Pegg explained the allegorical significance of Shaun of the Dead to interviewer Andrew Gronvall:
“The thing about the zombie as a movie monster is that it’s an all-purpose allegory for ourselves. … The zombie is an enduring figure for uses in allegory. In Romero’s Dawn of the Dead, they are conceived as literally consumers. Romero took Descarte’s philosophy to the shopping mall: “I think therefore I am” becomes “I am, therefore I shop.” … In our film, if they’re anything, they stand in for apathy, and urban living, and becoming, as you said, an anonymous automaton in a collective, where you don’t have any identity other than as a member of a gang. They’re human beings who are just a little bit different. [Zombies are] just us. They’re us, reduced to our most basic. And also, of course, they are the literal, living embodiment of our greatest fear, which is death—they are walking death.”

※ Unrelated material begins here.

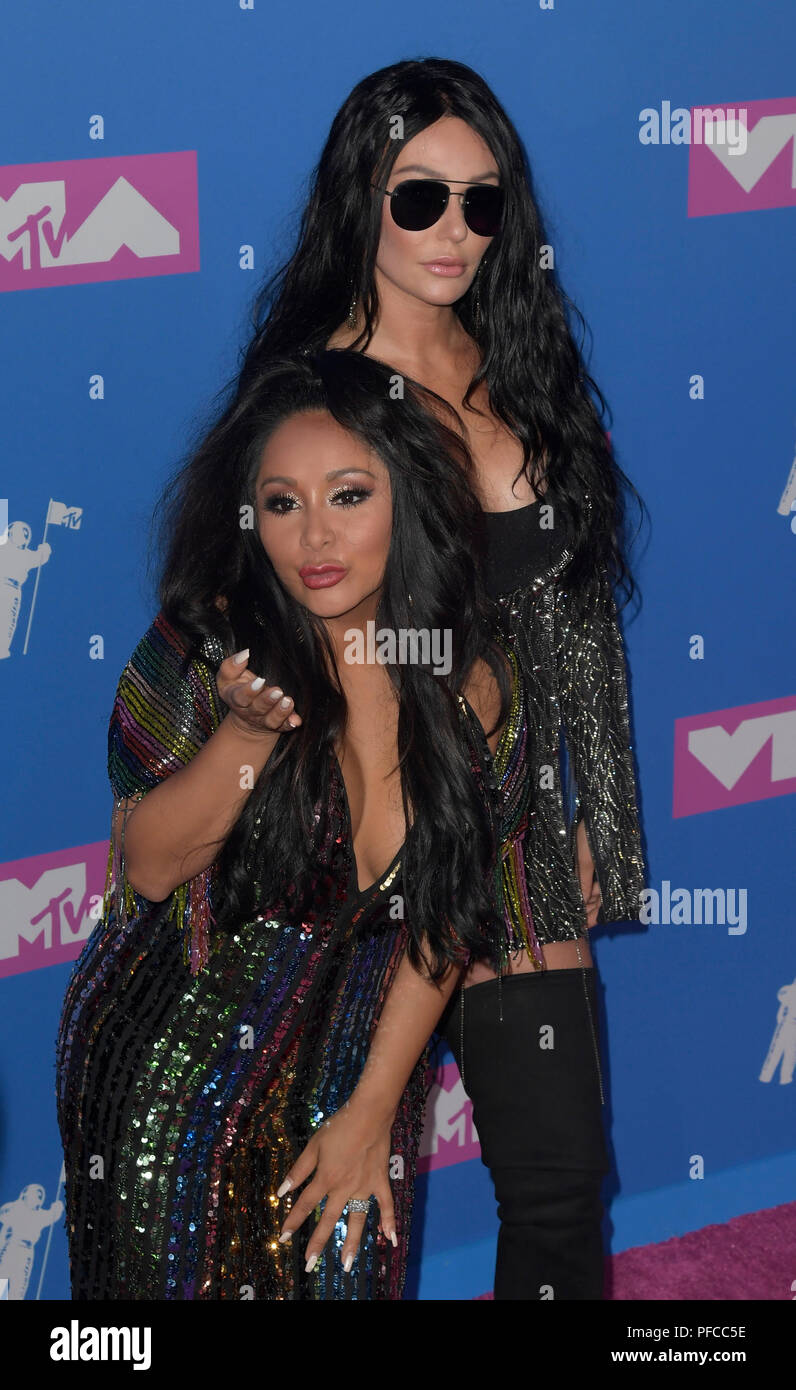 New York, NY, USA. 20th Aug, 2018. Nicole 'Snookie' Polizzi and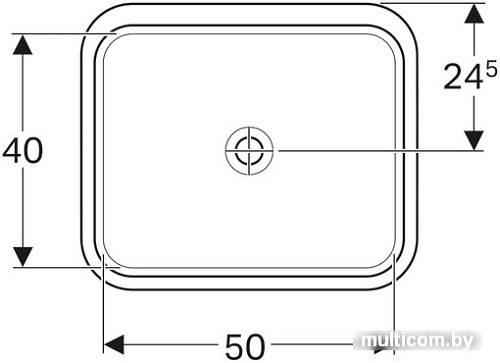 Умывальник Geberit Variform 500.767.01.2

The observation that the zombies of the film are just literalized, defamiliarized versions of the walking dead that all of us already are every day contains nothing especially striking or new. One need only to recall T.S. Eliot’s vision of London as a city of the walking dead in The Waste Land (1922) to realize that this same insight has been applied to the modern consumer capitalist world ever since it sprang into being at the beginning of the twentieth century. What is special about Shaun of the Dead is not the originality or profundity of its insights into the modern world and its use of the zombie as a metaphor for life in that world. What is special is the fact that it is able to deliver that message in a way that is both striking and, at the same time, leavened with humor, thus potentially making audiences more receptive to the message.

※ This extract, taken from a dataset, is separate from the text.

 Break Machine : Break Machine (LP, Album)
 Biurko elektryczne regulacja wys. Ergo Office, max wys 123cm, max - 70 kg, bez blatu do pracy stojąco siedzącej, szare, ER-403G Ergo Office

There is, however, a serious point to be made by the humor itself. For one thing, the primary kind of humor that is employed is a form of postmodern pastiche. Shaun of the Dead has a great deal of fun with the conventions of the zombie genre. However, unlike pure genre spoofs such as Young Frankenstein (1974) or the recent What We Do in the Shadows (2014), which employ exaggerated versions of genre conventions strictly for laughs, Shaun maintains a much more complex relationship with its genre, as it seeks to be an effective zombie movie and a send-up of the zombie genre at the same time. In this sense, it is very much a postmodern nostalgia film, in the mode discussed by Jameson with regard to phenomena such as the resurrection of film noir in neo-noir films such as Roman Polanski’s Chinatown (1974), which self-consciously call attention to their roots in the noir tradition while also going beyond that tradition. For Jameson, in such films
“our awareness of the preexistence of other versions … is now a constitutive and essential part of the film’s structure; we are now, in other words, in “intertextuality” as a deliberate, built-in feature of the aesthetic effect and as the operator of a new connotation of “pastness” and pseudohistorical depth, in which the history of aesthetic styles displaces “real” history” (Postmodernism 20).

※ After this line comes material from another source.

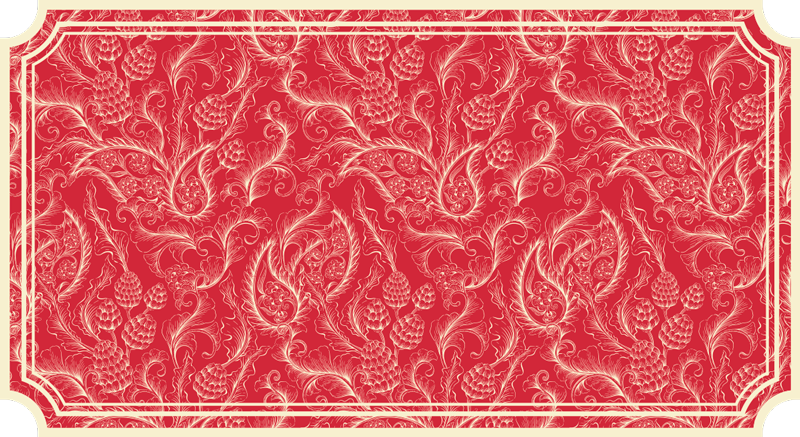 Ornate Paisley red vinyl carpet - TenStickers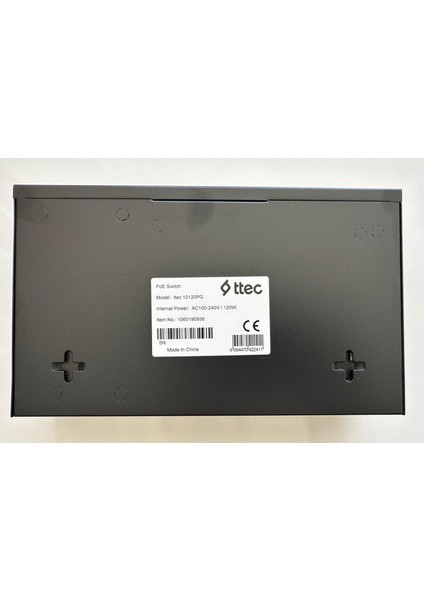 Ttec 10120PG 8 Port 10/100M Poe 2 Port 10/100/1000 Gigabit Uplink Tak Çalıştır 120W Poe Switch modelleri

Shaun of the Dead repeatedly calls attention to the fact that it replicates many motifs from earlier zombie films, especially those of Romero. However, at first glance, the status of Shaun of the Dead as a stylized representation of a more general cultural and/or historical past is not immediately clear—at least not, for example, in the way that the recent zombie spoof Pride and Prejudice and Zombies (2016) resurrects the beginning of the nineteenth century in England, not through any attempt at historical authenticity but through a parody of Jane Austen’s original 1813 novel, used here precisely because it is a well-known classic of its period and because of the incongruity of its juxtaposition with the zombie genre. However, Shaun of the Dead does employ a very postmodern technique of referencing its predecessors not so much through directly naming them as through employing a variety of images and motifs the sources of which are well-enough known that the filmmakers can assume that their viewers will recognize these sources and take a certain pleasure in this recognition. This mode is, of course, precisely the one referred to by Jameson as pastiche, which is for him a kind of “blank” parody that consciously adopts the styles of various predecessors without any intention of commenting on those predecessors or revising our assessment of them (Postmodernism 17).
Pastiche is also a matter of replicating the conventions of previous genres, and Shaun is also very postmodern in the way it liberally intermixes the conventions of various well-known genres. Far from sticking to the typical zombie script, Shaun contains the elements of several other genres, including the buddy comedy, the slacker film, and the relationship comedy, any one of which might have developed into a successful film of its own, even without the zombie elements. Indeed, Shaun seems to pick elements from different genres as if off of a cafeteria menu, very much as I have elsewhere noted (drawing upon Jameson) the “tendency for contemporary artists to regard the styles of the past as a sort of aesthetic cafeteria from whose menu they can nostalgically pick and choose without concern for the historical context in which those styles originally arose” (Postmodern Hollywood xvi).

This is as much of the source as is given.